£200 Million in Pot to Support Microbusinesses

Eupoe is mobilising €237 million – that’s close to £200 million – in loans to support 20,000 micro-businesses in 28 countries, including Britain and Northern Ireland.

Its new European Programme for Employment and Social Innovation (EaSI for short) is backed by cash from the European Investment Fund and will help leverage loans to start-ups and social enterprises, sometimes at rates of interest at less than one per cent.

And six micro-finance institutions, including one in the Republic, signed guarantee agreements in Brussels yesterday that will open up access to finance for the smallest of businesses, which often draw a blank when trying to source funding via traditional bank means.

It coincides with more than 20 events taking place across Europe today, under the tagline ‘What if we could turn job seekers into job creators?’ to showcase how micro-finance supports European citizens, the unemployed or those excluded from the traditional financial sector.

Acccording to the latest overview of the micro-credit sector in the EU, more than 125,000 European citizens became micro-entrepreneurs since 2013, and the micro-finance sector in Europe had an impact on at least 250,000 jobs by its lending activity.

“Micro-finance will develop in a very important way in the future as a complementary partner of the bank sector which, due to its regulatory frameworks, cannot always reach the most deprived,” said Patrick Sapy, president of the European Micro-finance Network (EMN).

“Our societies absolutely need to have access to micro-finance.”

Among the first deals enabling loans contracts to micro-enterprises is one signed between the European Investment Fund (EIF), which is part of the European Investment Bank group, and Microfinance Ireland, which was created in 2012 in response to the economic crisis and collapse of the banks.

“We take the risks conventional lenders don’t, and our key outcome is measured in the jobs we support,” its chief executive Michael Johnson said.

Microfinance Ireland has already approved lending of €11 million and supported 700 small enterprises in Ireland, sustaining more than 1,600 jobs.

“We’re investing in people. Half of our decision-making it based on the person and the rest on the numbers,” Mr Johnson said.

“But we could not have made these achievements without the help of European money.”

The European Commission will contribute with €17 million to the guarantees signed yesterday, which is expected to result in micro-loans worth €237 million.
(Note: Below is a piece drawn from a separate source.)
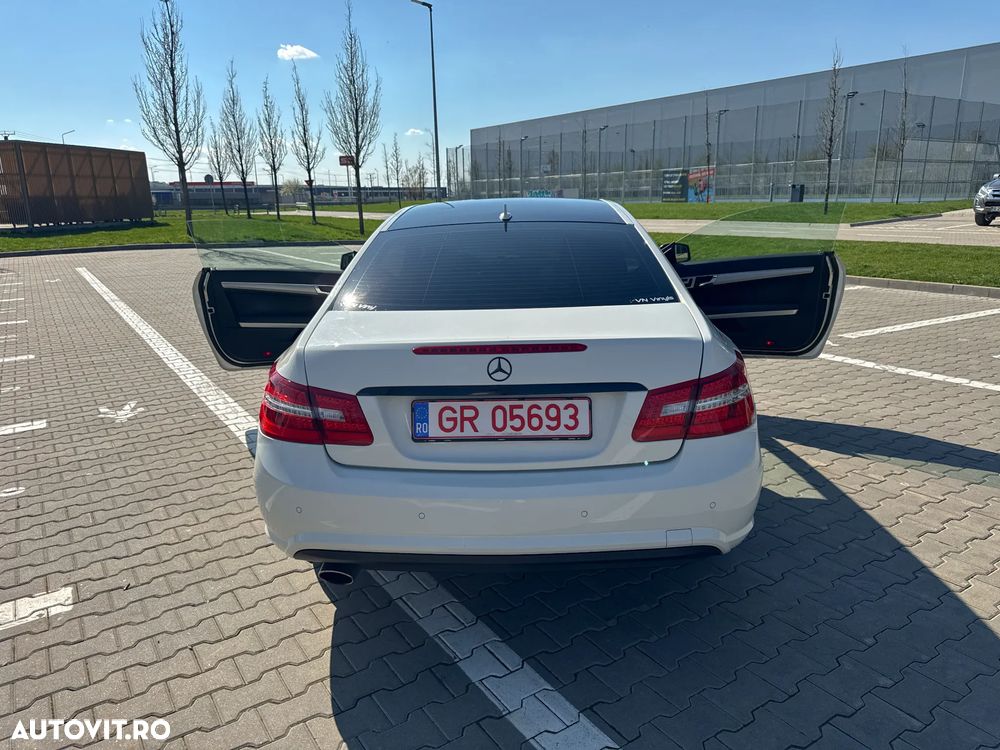 Mercedes-Benz E 250 BlueEFFICIENCY 7G-TRONIC Avantgarde - 2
Marianne Thyssen, Europe’s Commissioner for Employment, Social Affairs, Skills and Labour Mobility, said: “I congratulate the six micro-credit providers which are signing their guarantee agreements and easing access to finance for new micro-enterprises.

“Micro finance is an essential instrument to promote entrepreneurship and fight against social and financial exclusion. We are committed to creating growth and jobs and today we are delivering concretely on this priority.”

On an eve of European Microfinance Day reception in Brussels last night, the initiative was endorsed by Queen Mathilde of Belgium, who met a number of female entrepreneurs including Miena Rust of Miena’s Handmade Nougat Company based in the Wicklow Mountains.

Supported by Microfinance Ireland, her luxury nougat business, set up in 2012, employs two people and supplies a number of multiples and independent stores across the island.

In total, the EaSI guarantee of €96 million is expected to provide a leverage of more than €500 million in loans over the 2014-2020 period in order to promote jobs and growth in Europe for the next 15 years, unlocking a total of 30,800 micro-loans and 1,000 loans to social enterprises.